Ground 3: Obviousness over Core Media References and Philyaw - Claims 16 and 33 are obvious over Ferris in view of Lambert, Gionis, and Philyaw
Prior Art Relied Upon: Ferris (WO 99/04568), Lambert (Patent 4,381,522), Gionis (1999 conference paper), and Philyaw (WO 00/16205).
Core Argument for this Ground:
- Prior Art Mapping: This ground builds on the combination of Ferris, Lambert, and Gionis and adds Philyaw to address the specific limitation of claims 16 and 33, which require that the "machine-readable instructions comprise a hyperlink to a URL." Philyaw was cited for its teaching of a system that links analog audio signals to advertiser URLs.
- Motivation to Combine: Petitioner argued that while Ferris teaches sending information to a user to enable an action, it does not explicitly mention a URL. A POSITA would combine the teachings of Philyaw with the Ferris system because providing a URL was a well-known technique to improve communication devices. This would predictably create a more robust system by giving advertisers another channel to provide information and solicit viewers via web pages.

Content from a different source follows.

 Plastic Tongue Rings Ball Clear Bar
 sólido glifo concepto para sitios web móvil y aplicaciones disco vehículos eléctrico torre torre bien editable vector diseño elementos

Additional Grounds: Petitioner asserted an additional obviousness challenge for claims 12, 17, 29, and 34 based on the core combination plus Goldstein (Patent 5,410,326), which taught providing electronic coupons and instructions to dial a telephone number. Petitioner also argued that all claims are unpatentable under 35 U.S.C. §112 for indefiniteness (due to the ambiguous term "tag") and for lacking written description support.
4. Key Claim Construction Positions
- "near neighbor" / "neighbor": Petitioner argued against the Patent Owner's proposed construction from a related litigation, which required the match to be "within a defined threshold of a query." Petitioner contended this improperly imported a limitation from the specification. Under the broadest reasonable construction standard, Petitioner argued the term should be construed more simply as a "close, but not necessarily exact or the closest, match." This broader construction is critical to Petitioner's obviousness arguments, as it allows prior art search algorithms that do not rely on a fixed threshold (like Gionis) to meet the claim limitation.
5. Relief Requested
- Petitioner requests institution of a Covered Business Method Review and cancellation of claims 1-34 of the ’464 patent as unpatentable under 35 U.S.C. §§ 101, 103, and 112.